Deal or no deal ...?

As the political situation in the UK remains fluid, and the chances of a deal ultimately being reached are difficult to evaluate, there remains a significant risk of a no-deal Brexit. This could mean a "cliff edge" for the insurance sector in the UK and Europe, as no UK-EU withdrawal agreement means no transition period during which EU passporting rules would continue to apply to the UK and countries that will remain in the EU's single market. We hope this guide will be a useful resource for insurance sector groups seeking to prepare and plan for that cliff edge.

Contents

United Kingdom no deal regimes

The UK government has made it clear that it wants European insurance (and other financial services sector) firms currently operating in the UK to continue to be able to carry out insurance business, including writing new contracts as well as servicing existing contracts, for a temporary period after a no-deal Brexit. Therefore, European firms operating in the UK will have time to prepare for and submit applications for UK authorisation and complete any necessary restructuring. The UK government also intends that firms that do not wish to continue to enter into new business in the UK after Brexit should have a legal framework in which they can run off business entered into pre-Brexit.
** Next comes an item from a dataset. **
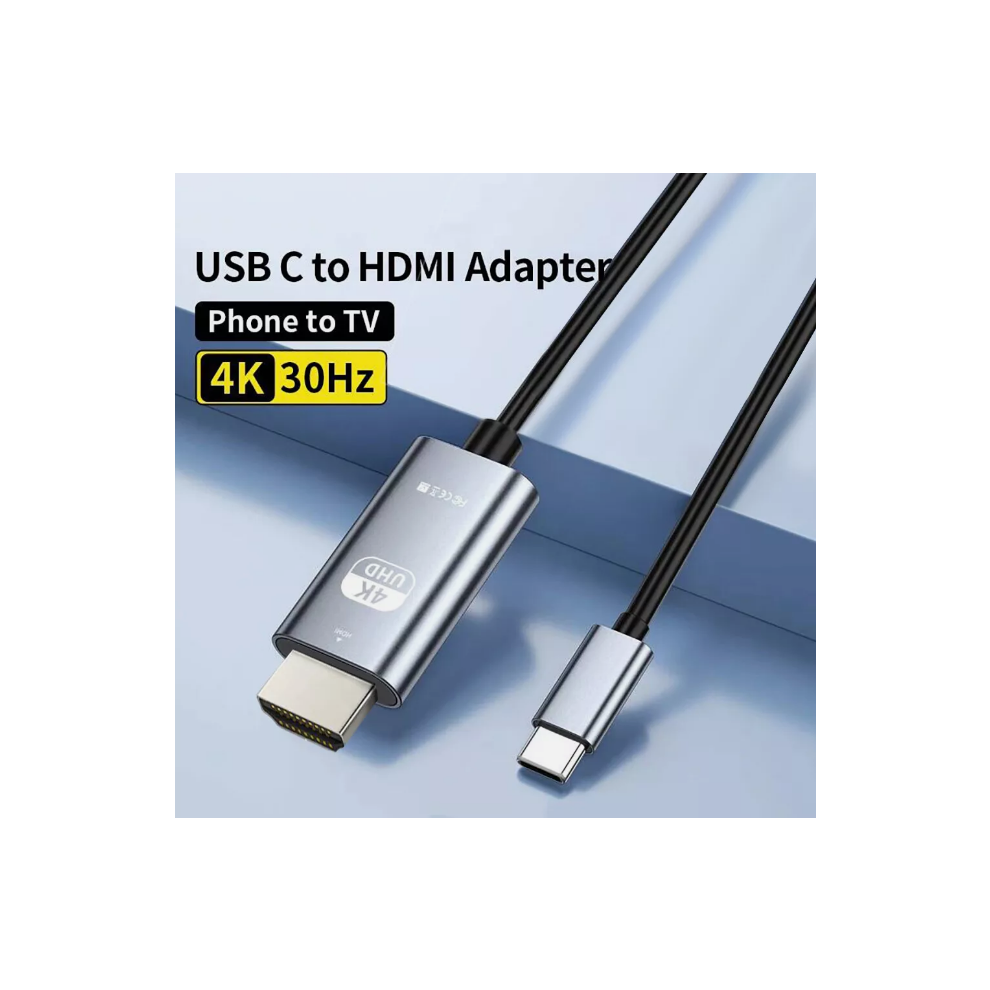 USB C To HDMI 2M 4K Cable - TV Adapter | Phone | Laptop | For Samsung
Temporary permissions regime for firms wishing to continue their business in the UK

  • Transitional provisions have been implemented in the United Kingdom under The EEA Passport Rights (Amendment, etc., and Transitional Provisions) (EU Exit) Regulations 2018, which will come into force on the date of a no-deal Brexit.
  • Under this legislation, there is a temporary permissions regime (the TPR) for EEA-authorised insurers and insurance intermediaries that want to continue their UK business after a no-deal Brexit.
  • To enter the TPR, EEA-authorised insurers must have notified the PRA on or before 12 April 2019, however for authorised insurance intermediaries the deadline for notifying the FCA is currently 30 October 2019. In addition, any EEA firm which has submitted a pending application for UK authorisation at any time before a no-deal Brexit will automatically enter into the TPR.
  • Under the TPR firms will have a deemed permission to carry on insurance activities in the UK for a maximum of 3 years, during which time their applications for full UK authorisation will be determined. While they are in the TPR, EEA firms will be subject to supervision by the FCA, and (for insurers) the PRA and FCA.
  • To obtain UK authorisation they will need to demonstrate that they meet UK regulators' threshold conditions. Insurers will need to be able to comply with third country branch requirements equivalent to those which apply to a third country branch insurer in the EU, including the calculation of a branch SCR and MCR, and localisation and deposit of assets.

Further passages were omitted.